It is often the case that errors in Seldon Enterprise Platform are caused by faults or misconfigurations in other parts of the system. However, it is still useful to check Seldon Enterprise Platform's understanding of the problem, as it may offer insights into what is happening.

If you experience Seldon Enterprise Platform crashing or returning an error, the best first steps are to:

1. Turn on the network tab in your browser's Developer Tools, ensure the session is being recorded, and recreate the issue. Find the failed call(s) and inspect the full message(s).
2. Find the Seldon Enterprise Platform pod (usually in the `seldon-system` namespace) and inspect its logs. You can filter for messages at level `warn` or `error`.

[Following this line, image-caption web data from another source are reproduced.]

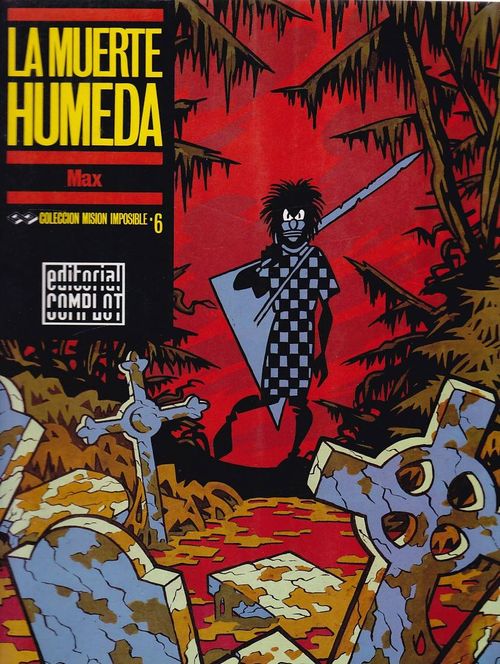 Colección Mision Impossible # 6 - La Muerte Humeda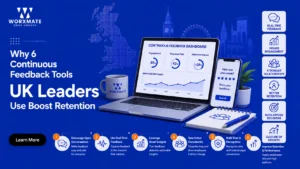 Why 6 Continuous Feedback Tools UK Leaders Use Boost Retention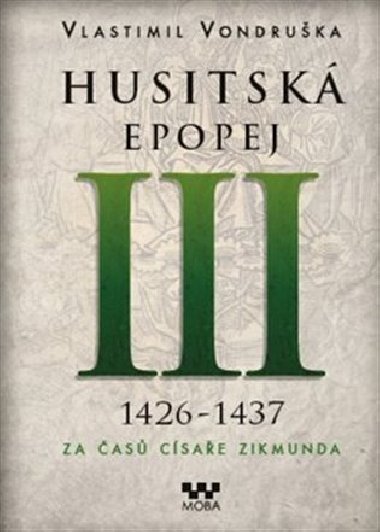 Husitská epopej III. 1426 -1437 - Za časů císaře Zikmunda - Vlastimil Vondruška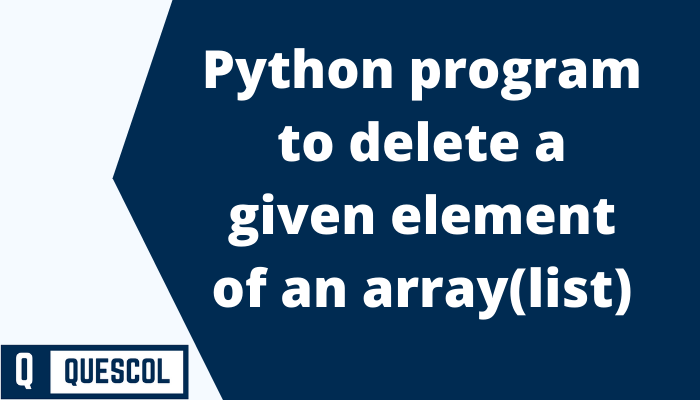 Python program to delete a given element of an array(list)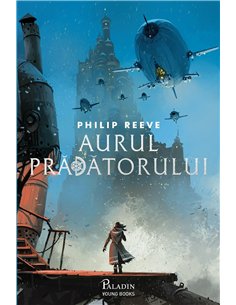 Cronicile oraşelor flămânde 2. Mașinării infernale - Philip Reeve | Editura Paladin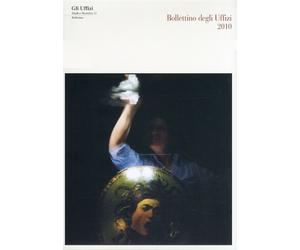 Gli Uffizi. Studi e Ricerche. 22. Bollettino della Galleria degli Uffizi 2010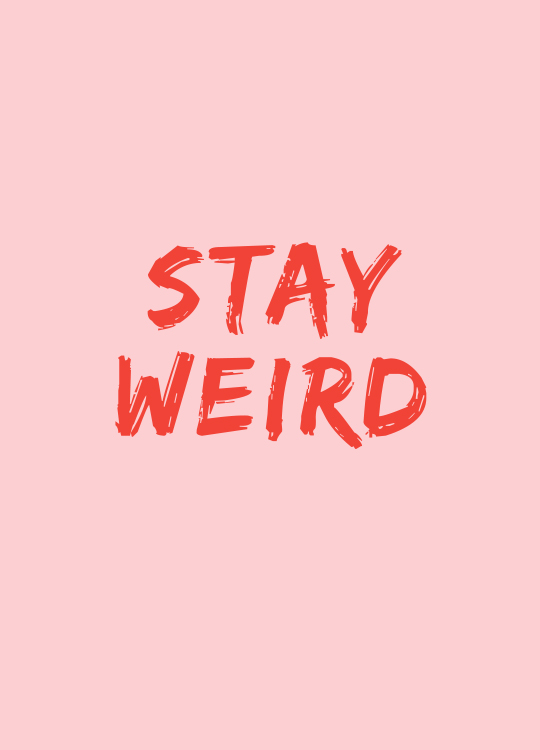 Stay Weird Plakat / Plakater med tekst hos Desenio AB (8787)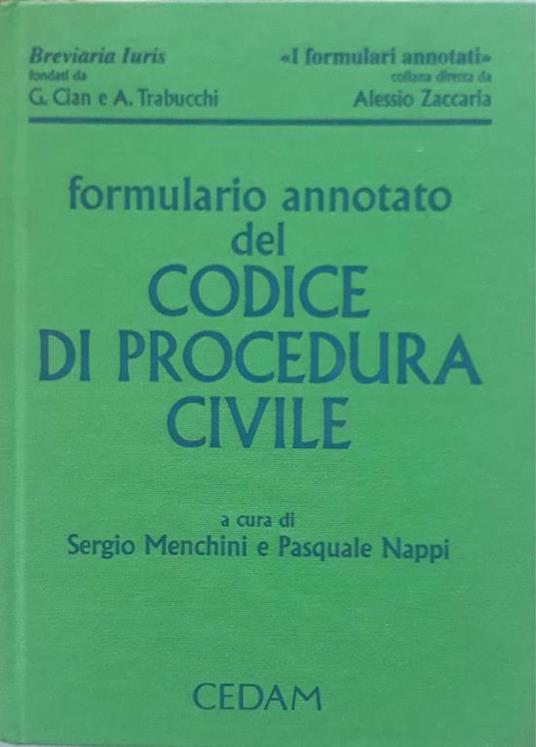 Formulario annotato del codice di procedura civile - Sergio Menchini - copertina
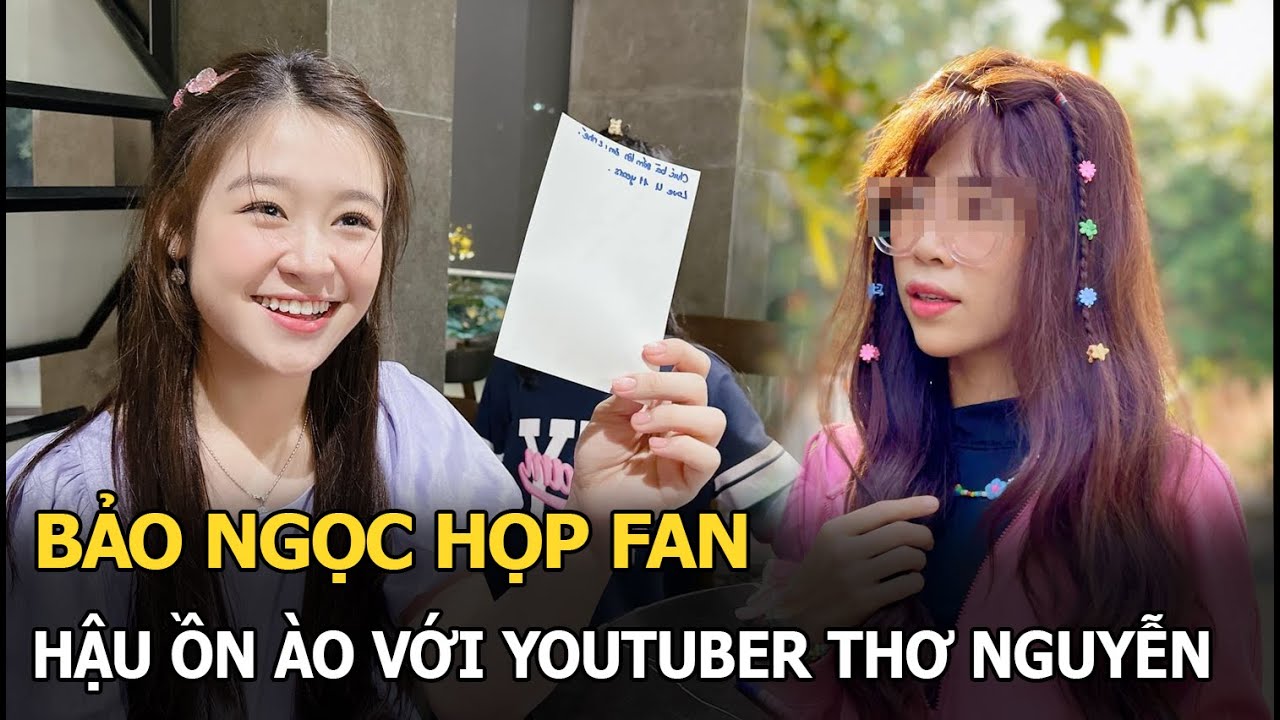 Youtuber Thơ Nguyễn hành động lạ trước ồn ào, hoa hậu nhí Bảo Ngọc vui vẻ họp fan để tự chữa lành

This should help to determine if the cause is within Seldon Enterprise Platform or another component. If the issue is with Seldon Enterprise Platform itself, report the bug directly to Seldon. Likewise, if the issue appears to be with Seldon Core, either report the bug or [raise an issue on GitHub](https://github.com/SeldonIO/seldon-core/issues). Otherwise, check the below sections or refer to the documentation and information available online for that component. If you still cannot resolve the issue, it can be reported to Seldon.

## Auth

See the [auth section](/seldon-enterprise-platform/production-environment/auth.md#debugging) for debugging tips.

## Knative

See the [Knative install section](/seldon-enterprise-platform/production-environment/knative.md) for how to verify Knative.

## Argo and Batch

See the [Argo section](/seldon-enterprise-platform/production-environment/argo-workflows.md) for debugging batch and the [MinIO section](/seldon-enterprise-platform/production-environment/minio.md) for MinIO.

## Prometheus

See the [Monitoring and Alerting](/seldon-enterprise-platform/production-environment/observability-alerting.md) for debugging Prometheus.

## Serving Engines

For Seldon Core debugging, it is best to see their respective docs.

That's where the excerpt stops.